Algunos, afuera y adentro, dicen que es mentira. Y, sin embargo, ocurrió de verdad. Otros, más jóvenes y algunos que no lo son tanto, se asombran ante la violencia, se preguntan si lo que ven es, más que realidad, ficción para conmover frente al televisor. Y ante esa pregunta, de nuevo aparecen los hechos, tercos e impenitentes, palpables en documentos, objetos, libros, fotografías y, sobre todo, en el relato de los testigos.
El viejo axioma de que la realidad puede superar a la más frondosa de las imaginaciones reaparece con L.C.B: la otra guerra, la nueva serie de televisión que aborda la lucha contra el bandidismo en la década de 1960. Pero más allá del asunto artístico, la serie trae a colación otras cuestiones, como, por ejemplo: si los hechos están ahí, ¿cuál es la razón por la que sus capítulos levantan tanta polémica?; ¿por qué, incluso, quienes no los miran desde la maldad y la negación se asombran y ponen en balanza de duda lo allí contado?
L.C.B… ha puesto sobre el tintero la necesidad de observar la historia más reciente, esa que nos toca de cerca por varias razones: porque ella tuvo como protagonistas o testigos a nuestros padres y abuelos, y porque, además, ese tiempo puede darnos señales para entender nuestro presente más cotidiano, entre ellas la del derecho de la Revolución y su Estado a defenderse, deber que en ocasiones fue agónico.
La Cuba de hoy es, desde los inicios del período especial, un campo de debate, de replanteos y reformulaciones de conceptos y referentes al interior de la sociedad.

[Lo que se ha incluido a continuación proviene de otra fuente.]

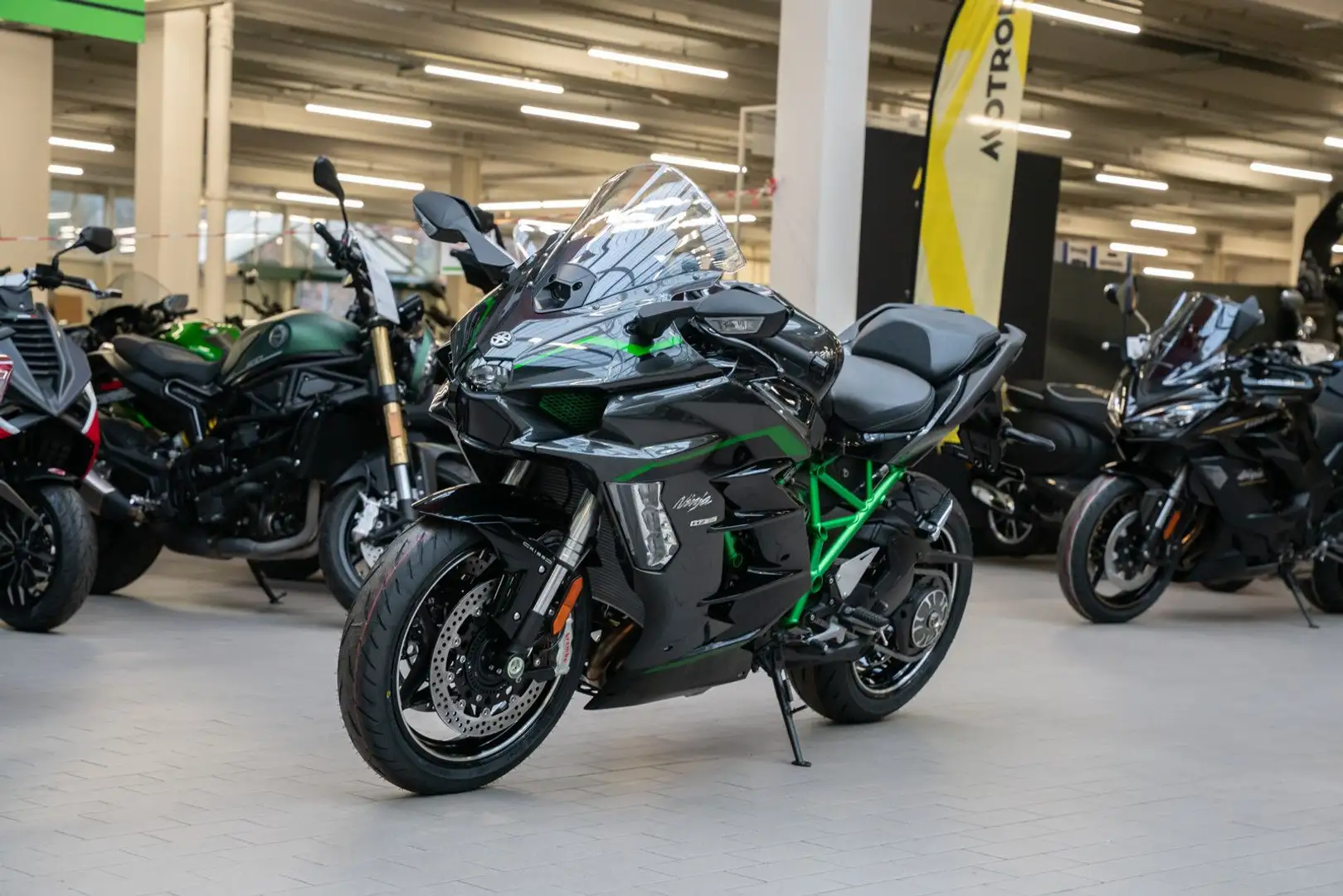 Kawasaki Ninja H2 SX SE, Mod 2026, 4 JAHRE GARANTIE Gris - 2
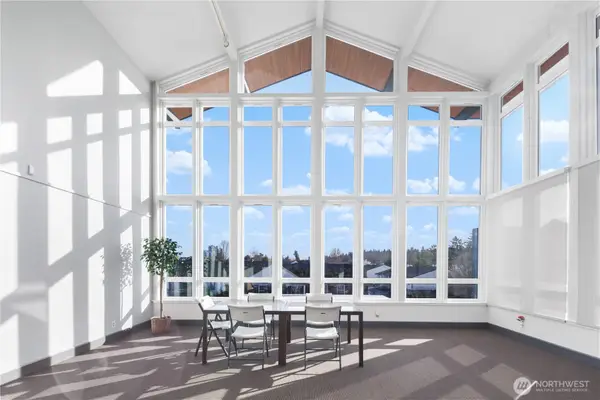 2501 Canterbury Lane E #221, Seattle, WA 98112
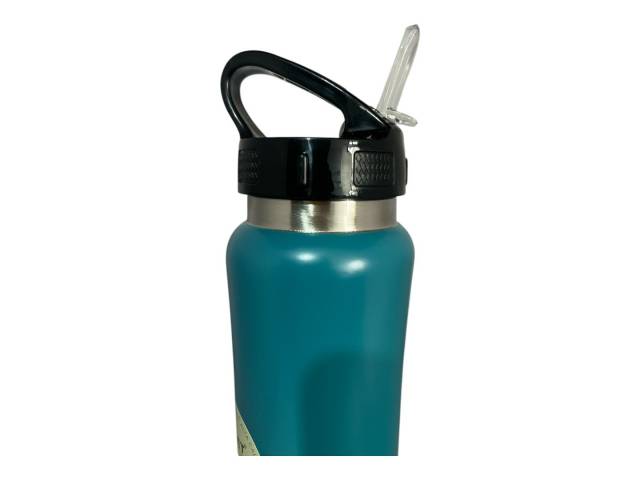 La Botella Deportiva Acero Inoxidable 750ml Comet compañera perfecta para tus entrenamientos y actividades al aire libre. Con acero inoxidable de alta calidad, esta botella es resistente a golpes y arañazos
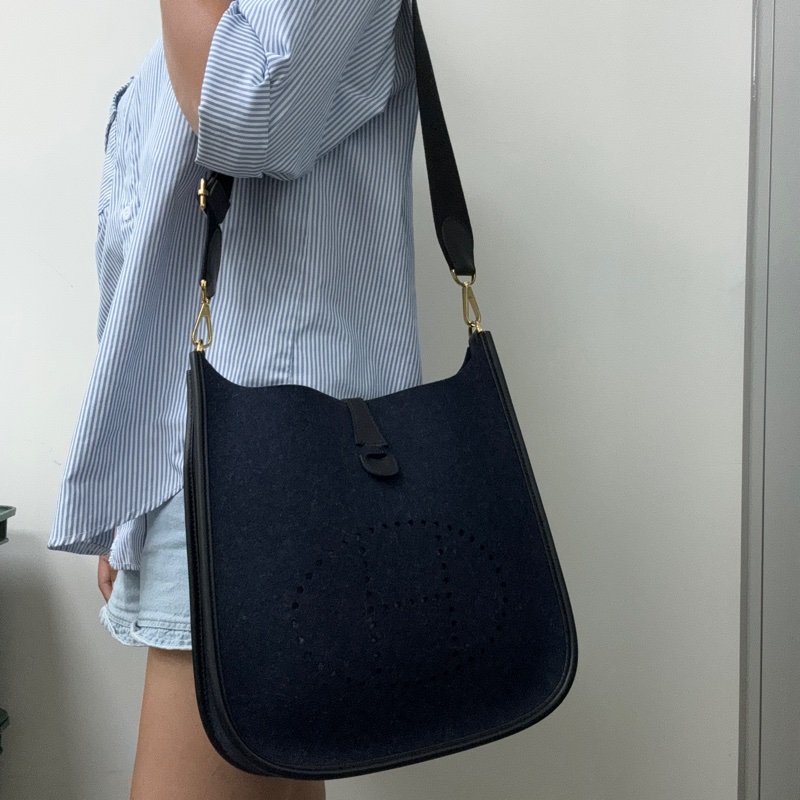 Hermes Evelyne 29 深藍色羊毛氈拼黑皮金釦黑金-14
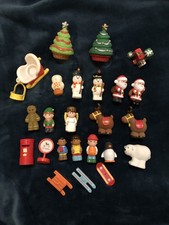 Happyland Advent Christmas Collection 24 Pieces Including Tree, Santa, Snowman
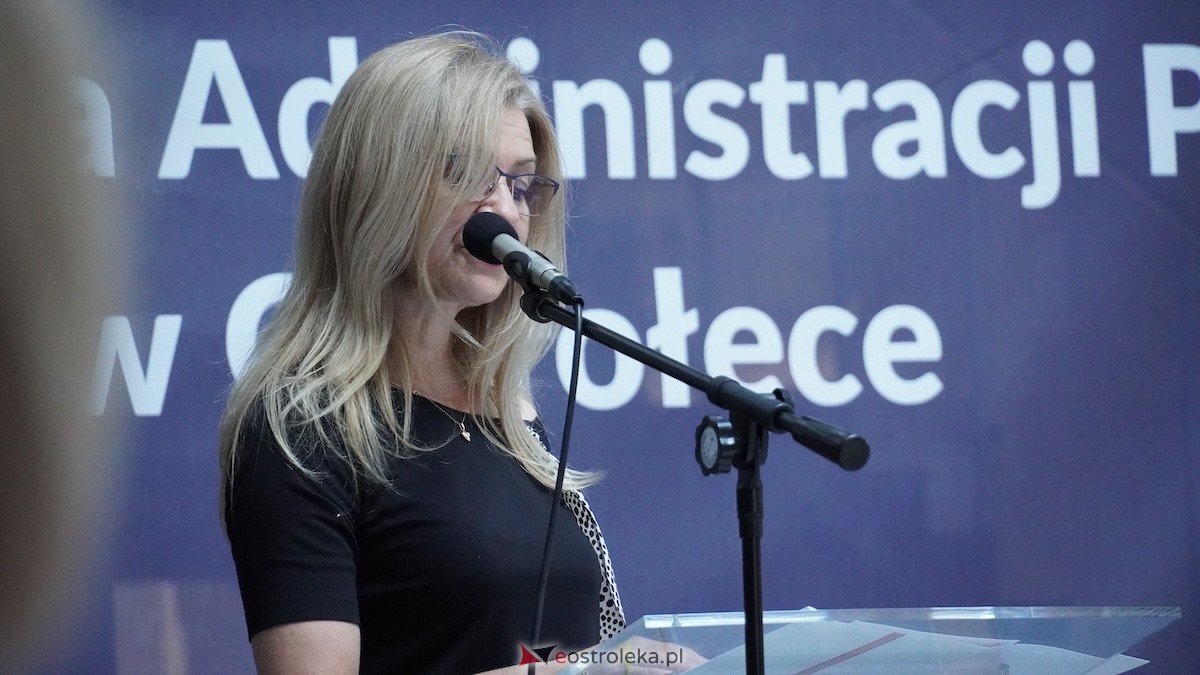 130 absolwentów odebrało dyplomy w WSAP. Po raz pierwszy wręczono tytuły magistra! [03.07.2026] - zdjęcie #46 - eOstroleka.pl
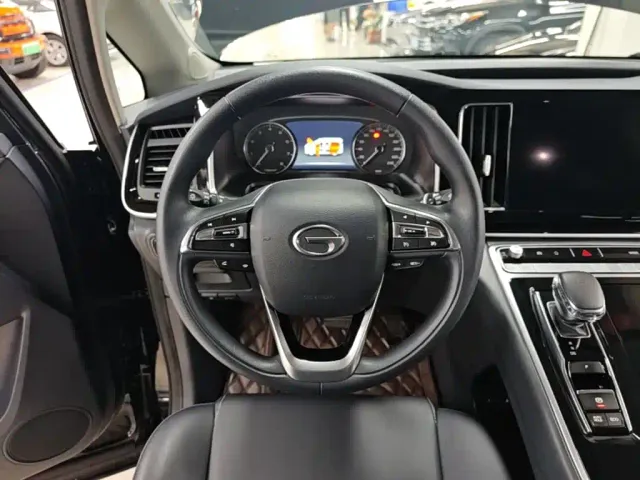 GAC Trumpchi M8 — Фото автомобиля 10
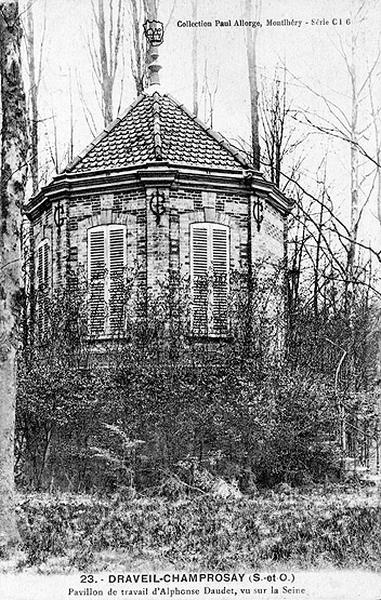 Le cabinet de travail hexagonal aménagé par Alphonse Daudet dans la partie basse du parc.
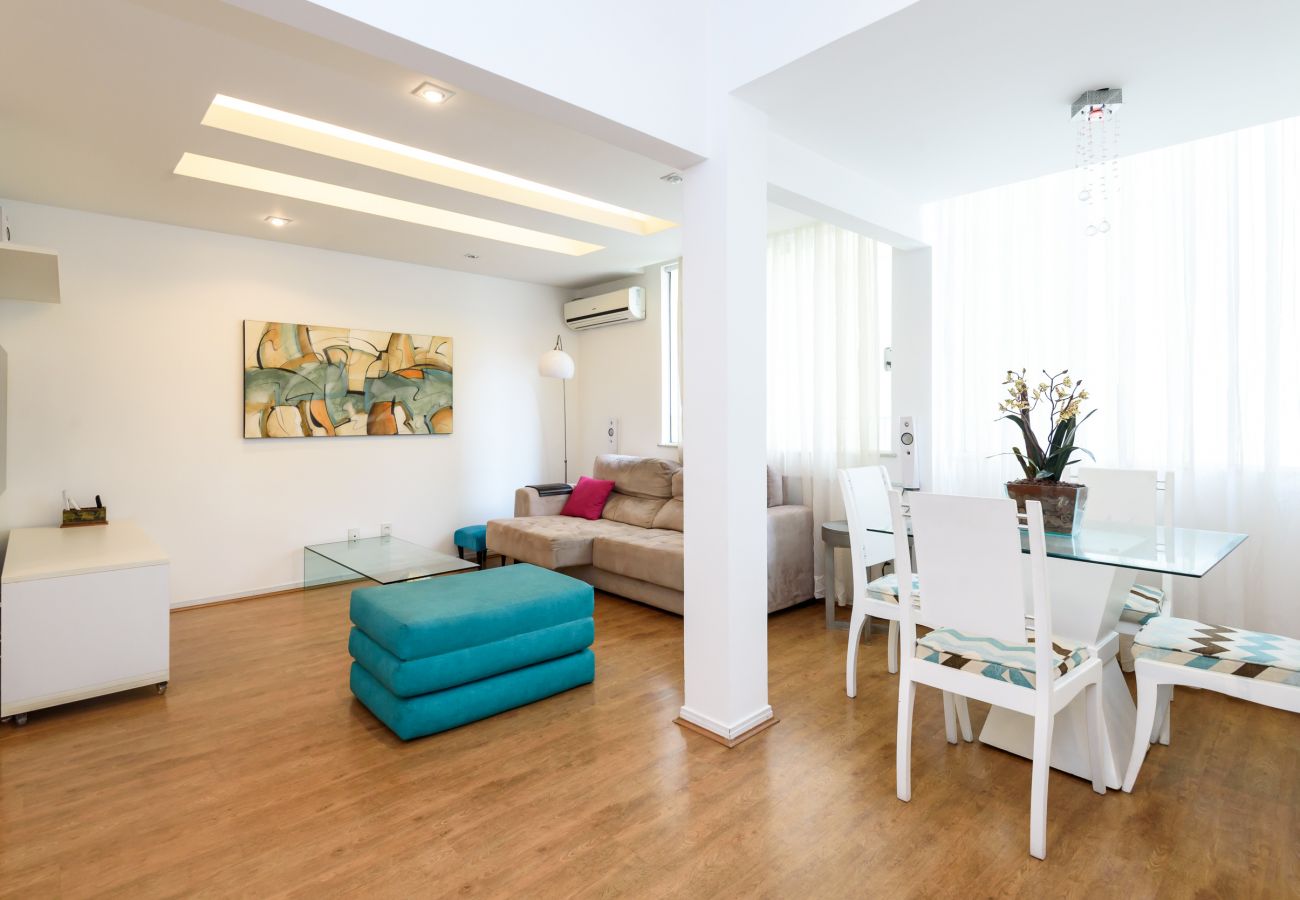Ferienwohnung in Rio de Janeiro - Iluminado em Copacabana |Paisagem leve| BC706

Cuestiones tan sutiles e importantes como la urbanidad pública son tenidas como correctas a partir de una chabacanería extendida. Otros actos —como desviar, corromper o lucrar— son sustituidos en su concepción delictiva y legitimados por el concepto de «luchar», portador de un visible sabor a tensiones materiales y sobrevivencia.
Ante esa frontera se levanta otra, marcada por la ética, el sentido de pertenencia al país, al trabajo, el apego a la decencia, y cuyos integrantes, en su inmensa mayoría anónimos, muchas veces no ven retribuido el esfuerzo por obra y gracia de la situación económica, las burocracias y por pirámides que, de tan invertidas a veces, ya no tienen posición alguna en el espacio.
Ambos universos se interconectan en la vida real por una gran cantidad de matices. Pero ambos mundos también se convierten hoy en propuestas de país. O la preservación y mejoramiento del socialismo o la restauración capitalista. En medio de esa tensión de ideas se encuentra la Historia como eje vertebrador y la necesidad de volver a ella.
El debate de la cotidianidad, la lucha del día a día, tienen la peculiaridad de concentrar con fuerza las miradas en el presente y no en el ayer. Por esa causa, el asombro puede aparecer al apreciarse episodios ocurridos con cierta distancia en el tiempo.
Si a ello se le une la existencia de nuevas generaciones poco relacionadas con los episodios del bandidismo y los tan reiterados pecados capitales a la hora de abordar la historia de Cuba, como la monotonía en la enseñanza, la tendencia al teque, presentar los personajes y épocas en blanco y negro o estereotiparlos en buenos y malos, entonces nos damos cuenta de que el terreno está más que fertilizado para el surgimiento de la duda, y con ella la interrogante de hasta qué punto es verdad lo contado en La otra guerra.
Sin embargo, como adelantábamos al principio, los hechos son impenitentes. Y para comprobarlos, recomendaríamos buscar en bibliotecas y librerías de tomos viejos el libro El caballo de Mayaguara, de Osvaldo Navarro, para que se conozca el pasado contado sin afeites por uno de sus protagonistas. Pero si la duda persiste, pues invitamos al lector a visitar el Museo de la Alfabetización en Ciudad Libertad y ver allí la foto del brigadista Manuel Ascunce Domenech, muerto sobre la mesa de la morgue y con las huellas de la tortura. Esa imagen no es ficción. Es la prueba más fehaciente de que en La otra guerra se cuenta la más cruda y digna verdad.